1.3 bonding- shapes Flashcards
properties of linear molecules
-bonding pairs: 2
-lone electron pairs: 0
-bond angle: 180
-example: beryllium chloride
properties of v-shaped molecules
-bonding pairs: 2
-lone electron pairs: 2 or 1
-bond angle: 104.5 or a little less than 120
-example: water
properties of trigonal planar molecules
-bonding pairs: 3
-lone electron pairs: 0
-bond angle: 120
-example: boron trifluoride
properties of pyramidal molecules
-bonding pairs: 3
-lone electron pairs: 1
-bond angle: 107
-example: ammonia
properties of tetrahedral molecules
-bonding pairs: 4
-lone electron pairs: 0
-bond angle: 109.5
-example: methane
properties of trigonal bipyramidal molecules
-bonding pairs: 5
-lone electron pairs: 0
-bond angle: 90 and 120
-example: phosphorus pentachloride
properties of square planar molecules
-bonding pairs: 4
-lone electron pairs: 2
-bond angle: 90
-example: xenon tetrafluoride
properties of seesaw molecules
-bonding pairs: 4
-lone electron pairs: 1
-bond angle: 89 and 119
-example: sulfur tetrafluoride
properties of t-shaped molecules (trigonal bipyramidal with lone pairs)
-bonding pairs: 3
-lone electron pairs: 2
-bond angle: 88 (when lone pairs are next to each other) or 120 (when lone pairs are on opposite sides)

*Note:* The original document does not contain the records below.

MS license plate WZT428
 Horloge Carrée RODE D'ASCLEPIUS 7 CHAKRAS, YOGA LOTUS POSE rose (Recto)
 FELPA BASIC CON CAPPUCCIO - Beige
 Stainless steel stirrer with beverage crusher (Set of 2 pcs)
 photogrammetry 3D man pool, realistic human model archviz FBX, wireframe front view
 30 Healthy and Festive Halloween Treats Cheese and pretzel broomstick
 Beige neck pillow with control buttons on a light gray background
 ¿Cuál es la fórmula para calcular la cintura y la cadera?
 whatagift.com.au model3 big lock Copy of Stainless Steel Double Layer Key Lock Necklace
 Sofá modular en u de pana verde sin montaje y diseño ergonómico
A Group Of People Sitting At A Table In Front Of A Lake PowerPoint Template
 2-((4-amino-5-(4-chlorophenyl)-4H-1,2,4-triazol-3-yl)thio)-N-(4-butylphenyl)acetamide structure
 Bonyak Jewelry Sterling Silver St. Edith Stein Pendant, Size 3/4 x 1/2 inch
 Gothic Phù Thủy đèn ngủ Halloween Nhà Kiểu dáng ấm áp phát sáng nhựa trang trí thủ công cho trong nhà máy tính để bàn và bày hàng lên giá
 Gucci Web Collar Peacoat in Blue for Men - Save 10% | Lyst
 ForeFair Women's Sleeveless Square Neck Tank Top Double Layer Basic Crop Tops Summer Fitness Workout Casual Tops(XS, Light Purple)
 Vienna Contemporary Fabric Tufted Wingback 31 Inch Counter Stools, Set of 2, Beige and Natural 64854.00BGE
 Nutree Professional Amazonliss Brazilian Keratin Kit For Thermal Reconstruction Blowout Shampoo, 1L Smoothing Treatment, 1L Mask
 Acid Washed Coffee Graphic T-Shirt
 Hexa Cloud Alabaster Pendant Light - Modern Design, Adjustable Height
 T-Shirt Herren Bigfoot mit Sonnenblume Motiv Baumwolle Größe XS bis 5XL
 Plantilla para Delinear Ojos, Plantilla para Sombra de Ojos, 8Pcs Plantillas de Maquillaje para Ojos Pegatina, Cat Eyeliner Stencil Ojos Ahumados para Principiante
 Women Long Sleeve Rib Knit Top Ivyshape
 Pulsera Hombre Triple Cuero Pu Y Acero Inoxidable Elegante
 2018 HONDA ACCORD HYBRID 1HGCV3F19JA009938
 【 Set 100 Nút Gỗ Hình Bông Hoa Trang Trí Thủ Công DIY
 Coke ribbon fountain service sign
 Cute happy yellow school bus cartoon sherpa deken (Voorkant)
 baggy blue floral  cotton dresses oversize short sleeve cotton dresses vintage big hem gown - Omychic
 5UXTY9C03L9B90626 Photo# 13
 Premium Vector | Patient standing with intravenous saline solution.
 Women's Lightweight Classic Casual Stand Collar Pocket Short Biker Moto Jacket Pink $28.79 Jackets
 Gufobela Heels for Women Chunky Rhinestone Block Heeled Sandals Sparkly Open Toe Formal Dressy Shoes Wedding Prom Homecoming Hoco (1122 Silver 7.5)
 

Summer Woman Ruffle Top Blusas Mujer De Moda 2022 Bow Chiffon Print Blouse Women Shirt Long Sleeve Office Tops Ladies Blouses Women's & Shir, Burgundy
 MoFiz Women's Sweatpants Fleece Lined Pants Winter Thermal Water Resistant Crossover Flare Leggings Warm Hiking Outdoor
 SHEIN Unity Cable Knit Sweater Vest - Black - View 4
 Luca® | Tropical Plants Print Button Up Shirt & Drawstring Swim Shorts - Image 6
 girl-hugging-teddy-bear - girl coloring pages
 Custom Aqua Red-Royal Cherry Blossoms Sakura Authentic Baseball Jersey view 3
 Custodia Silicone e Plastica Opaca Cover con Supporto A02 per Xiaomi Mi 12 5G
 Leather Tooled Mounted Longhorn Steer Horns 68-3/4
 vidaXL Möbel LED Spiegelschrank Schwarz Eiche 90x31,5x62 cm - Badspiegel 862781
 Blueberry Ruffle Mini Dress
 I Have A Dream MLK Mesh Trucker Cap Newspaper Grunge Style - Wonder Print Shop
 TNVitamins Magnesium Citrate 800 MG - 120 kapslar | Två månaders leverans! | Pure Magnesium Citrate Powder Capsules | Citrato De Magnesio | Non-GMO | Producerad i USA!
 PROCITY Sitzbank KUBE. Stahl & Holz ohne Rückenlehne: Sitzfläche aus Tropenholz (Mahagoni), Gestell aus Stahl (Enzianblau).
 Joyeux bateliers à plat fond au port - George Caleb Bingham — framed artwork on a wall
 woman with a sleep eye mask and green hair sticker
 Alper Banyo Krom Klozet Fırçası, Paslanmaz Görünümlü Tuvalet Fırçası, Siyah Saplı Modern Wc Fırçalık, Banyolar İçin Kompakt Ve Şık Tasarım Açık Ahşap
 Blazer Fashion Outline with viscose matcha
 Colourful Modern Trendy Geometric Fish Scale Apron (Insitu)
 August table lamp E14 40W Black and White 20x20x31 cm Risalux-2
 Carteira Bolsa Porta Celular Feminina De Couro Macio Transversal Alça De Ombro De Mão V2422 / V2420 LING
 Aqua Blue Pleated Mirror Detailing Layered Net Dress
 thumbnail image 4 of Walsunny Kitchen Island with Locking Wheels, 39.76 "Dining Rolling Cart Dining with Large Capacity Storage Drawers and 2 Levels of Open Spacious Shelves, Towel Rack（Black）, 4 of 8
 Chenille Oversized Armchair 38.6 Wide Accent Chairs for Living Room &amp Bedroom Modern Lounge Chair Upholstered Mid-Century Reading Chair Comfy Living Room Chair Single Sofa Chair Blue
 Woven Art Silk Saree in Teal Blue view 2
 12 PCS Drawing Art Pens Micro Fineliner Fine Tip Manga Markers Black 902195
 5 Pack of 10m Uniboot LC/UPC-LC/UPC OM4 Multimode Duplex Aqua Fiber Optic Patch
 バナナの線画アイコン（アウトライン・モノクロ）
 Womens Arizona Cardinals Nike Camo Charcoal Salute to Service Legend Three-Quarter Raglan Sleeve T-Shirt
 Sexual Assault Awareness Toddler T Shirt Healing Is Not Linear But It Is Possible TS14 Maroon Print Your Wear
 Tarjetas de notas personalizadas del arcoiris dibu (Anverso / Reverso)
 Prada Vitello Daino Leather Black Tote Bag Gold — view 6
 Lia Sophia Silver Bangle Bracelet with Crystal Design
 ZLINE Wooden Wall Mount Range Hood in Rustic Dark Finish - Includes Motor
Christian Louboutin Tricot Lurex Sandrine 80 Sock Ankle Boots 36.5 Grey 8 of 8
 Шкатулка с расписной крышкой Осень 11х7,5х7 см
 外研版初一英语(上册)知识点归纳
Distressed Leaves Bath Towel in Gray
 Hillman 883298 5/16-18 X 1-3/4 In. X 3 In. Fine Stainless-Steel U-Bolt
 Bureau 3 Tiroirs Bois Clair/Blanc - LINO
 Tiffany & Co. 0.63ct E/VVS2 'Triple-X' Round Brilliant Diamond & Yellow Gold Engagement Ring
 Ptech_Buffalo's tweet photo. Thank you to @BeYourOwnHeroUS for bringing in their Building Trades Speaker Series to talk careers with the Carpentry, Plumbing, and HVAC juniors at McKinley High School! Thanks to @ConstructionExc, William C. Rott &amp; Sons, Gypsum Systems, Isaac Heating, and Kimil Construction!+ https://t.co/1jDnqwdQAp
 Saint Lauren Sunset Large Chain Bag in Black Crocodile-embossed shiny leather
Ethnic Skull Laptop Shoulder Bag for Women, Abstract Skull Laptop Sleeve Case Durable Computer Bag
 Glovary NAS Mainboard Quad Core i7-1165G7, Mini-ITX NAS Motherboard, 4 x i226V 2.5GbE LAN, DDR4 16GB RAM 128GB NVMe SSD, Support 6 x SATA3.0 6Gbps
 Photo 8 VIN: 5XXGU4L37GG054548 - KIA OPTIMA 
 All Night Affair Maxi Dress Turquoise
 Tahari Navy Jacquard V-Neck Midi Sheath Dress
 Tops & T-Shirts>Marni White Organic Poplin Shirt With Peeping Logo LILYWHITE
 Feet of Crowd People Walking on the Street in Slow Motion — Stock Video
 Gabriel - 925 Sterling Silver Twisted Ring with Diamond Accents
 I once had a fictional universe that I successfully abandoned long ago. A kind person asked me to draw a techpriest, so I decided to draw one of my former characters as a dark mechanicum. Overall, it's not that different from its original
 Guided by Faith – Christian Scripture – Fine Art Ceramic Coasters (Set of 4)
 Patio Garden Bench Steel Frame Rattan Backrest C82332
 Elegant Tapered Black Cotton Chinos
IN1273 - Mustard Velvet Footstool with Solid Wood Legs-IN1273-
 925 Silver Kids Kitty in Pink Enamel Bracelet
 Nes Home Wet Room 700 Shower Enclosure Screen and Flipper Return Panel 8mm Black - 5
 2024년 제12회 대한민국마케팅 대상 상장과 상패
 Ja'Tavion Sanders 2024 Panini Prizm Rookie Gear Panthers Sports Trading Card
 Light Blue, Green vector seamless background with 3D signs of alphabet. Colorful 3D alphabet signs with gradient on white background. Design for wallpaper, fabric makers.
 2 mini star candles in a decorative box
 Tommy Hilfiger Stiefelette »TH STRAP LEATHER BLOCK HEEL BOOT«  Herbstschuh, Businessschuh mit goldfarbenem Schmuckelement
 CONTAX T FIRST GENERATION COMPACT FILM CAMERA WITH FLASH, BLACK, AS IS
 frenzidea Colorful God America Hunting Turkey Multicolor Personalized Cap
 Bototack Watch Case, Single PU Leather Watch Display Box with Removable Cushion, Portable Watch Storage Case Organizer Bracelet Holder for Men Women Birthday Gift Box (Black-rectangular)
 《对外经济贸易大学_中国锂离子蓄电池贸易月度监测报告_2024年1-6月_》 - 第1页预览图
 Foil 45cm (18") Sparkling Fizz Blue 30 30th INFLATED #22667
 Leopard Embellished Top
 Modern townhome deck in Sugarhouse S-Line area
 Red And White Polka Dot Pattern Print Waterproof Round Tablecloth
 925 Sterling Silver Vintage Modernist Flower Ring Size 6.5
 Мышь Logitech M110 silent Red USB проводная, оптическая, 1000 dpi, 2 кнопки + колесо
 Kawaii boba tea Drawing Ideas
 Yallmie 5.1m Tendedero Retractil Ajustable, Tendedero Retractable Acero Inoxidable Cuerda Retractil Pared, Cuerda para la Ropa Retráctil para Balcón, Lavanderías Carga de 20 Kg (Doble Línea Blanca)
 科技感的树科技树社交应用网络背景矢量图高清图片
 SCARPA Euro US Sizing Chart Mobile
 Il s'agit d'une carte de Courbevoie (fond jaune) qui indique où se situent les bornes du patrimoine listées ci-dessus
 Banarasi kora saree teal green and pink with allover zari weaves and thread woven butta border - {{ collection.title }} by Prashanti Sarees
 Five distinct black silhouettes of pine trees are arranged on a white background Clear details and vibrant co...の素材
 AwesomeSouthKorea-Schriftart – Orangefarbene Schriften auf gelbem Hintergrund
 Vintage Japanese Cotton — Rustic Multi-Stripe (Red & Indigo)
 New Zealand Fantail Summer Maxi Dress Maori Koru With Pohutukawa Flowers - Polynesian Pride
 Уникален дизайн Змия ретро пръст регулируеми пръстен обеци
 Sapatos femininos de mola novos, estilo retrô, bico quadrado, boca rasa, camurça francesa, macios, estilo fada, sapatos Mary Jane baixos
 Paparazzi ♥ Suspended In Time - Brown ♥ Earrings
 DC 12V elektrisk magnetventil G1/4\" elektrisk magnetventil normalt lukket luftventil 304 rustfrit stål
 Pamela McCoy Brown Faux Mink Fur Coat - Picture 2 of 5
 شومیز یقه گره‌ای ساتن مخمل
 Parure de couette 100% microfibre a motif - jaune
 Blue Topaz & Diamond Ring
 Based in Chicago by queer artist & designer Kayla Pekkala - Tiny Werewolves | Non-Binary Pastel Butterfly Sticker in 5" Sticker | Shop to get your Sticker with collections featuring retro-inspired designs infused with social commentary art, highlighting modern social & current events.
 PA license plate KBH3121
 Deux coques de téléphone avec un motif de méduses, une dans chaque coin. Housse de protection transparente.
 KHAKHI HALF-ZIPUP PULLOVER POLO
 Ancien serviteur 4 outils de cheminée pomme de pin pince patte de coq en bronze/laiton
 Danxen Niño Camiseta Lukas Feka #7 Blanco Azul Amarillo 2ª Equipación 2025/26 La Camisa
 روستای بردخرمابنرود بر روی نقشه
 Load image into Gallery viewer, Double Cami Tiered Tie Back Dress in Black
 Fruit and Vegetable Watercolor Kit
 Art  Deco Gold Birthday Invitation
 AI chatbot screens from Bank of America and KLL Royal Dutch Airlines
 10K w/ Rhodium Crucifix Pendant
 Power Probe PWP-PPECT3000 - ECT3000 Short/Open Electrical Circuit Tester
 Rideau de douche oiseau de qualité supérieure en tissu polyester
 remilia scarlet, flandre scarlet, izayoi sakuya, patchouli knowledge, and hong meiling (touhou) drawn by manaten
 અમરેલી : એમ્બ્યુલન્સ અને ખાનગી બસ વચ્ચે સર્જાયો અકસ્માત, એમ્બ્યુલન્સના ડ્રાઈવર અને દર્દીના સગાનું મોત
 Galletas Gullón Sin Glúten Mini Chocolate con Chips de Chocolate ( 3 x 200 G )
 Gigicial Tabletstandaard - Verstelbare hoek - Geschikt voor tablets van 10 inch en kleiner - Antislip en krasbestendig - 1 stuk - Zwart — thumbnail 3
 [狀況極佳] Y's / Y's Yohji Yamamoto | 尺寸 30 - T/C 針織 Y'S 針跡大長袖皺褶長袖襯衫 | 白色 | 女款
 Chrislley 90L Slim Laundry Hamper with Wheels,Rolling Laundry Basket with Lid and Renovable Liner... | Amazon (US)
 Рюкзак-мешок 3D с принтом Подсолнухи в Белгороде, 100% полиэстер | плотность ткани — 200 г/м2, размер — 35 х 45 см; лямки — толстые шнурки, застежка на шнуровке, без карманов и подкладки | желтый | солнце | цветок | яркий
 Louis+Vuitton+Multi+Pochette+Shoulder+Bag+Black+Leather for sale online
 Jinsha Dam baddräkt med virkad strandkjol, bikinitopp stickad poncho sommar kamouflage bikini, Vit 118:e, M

-example: chlorine trifluoride
what is the electron pair repulsion theory (3)
-valence electron pair predicts shape and bond angles of molecules
-Electrons are negatively charged and will repel other electrons
-bonding pair of electrons will repel other electrons, forcing the molecule to adopt a shape where repulsion is minimised
explain how electron pair repulsion theory can be used to predict the shape and bond angle of PF3 (phosphorus trifluoride) (6 marks)
-P has 5 electrons in outer shell
-P gains 3 electrons from F to gain full outer shell
-there are 3 bonding pairs and 1 lone pair
-electron pairs repel as far as possible
-lone pairs repel more
-tetrahedral shape, bond angle=109.5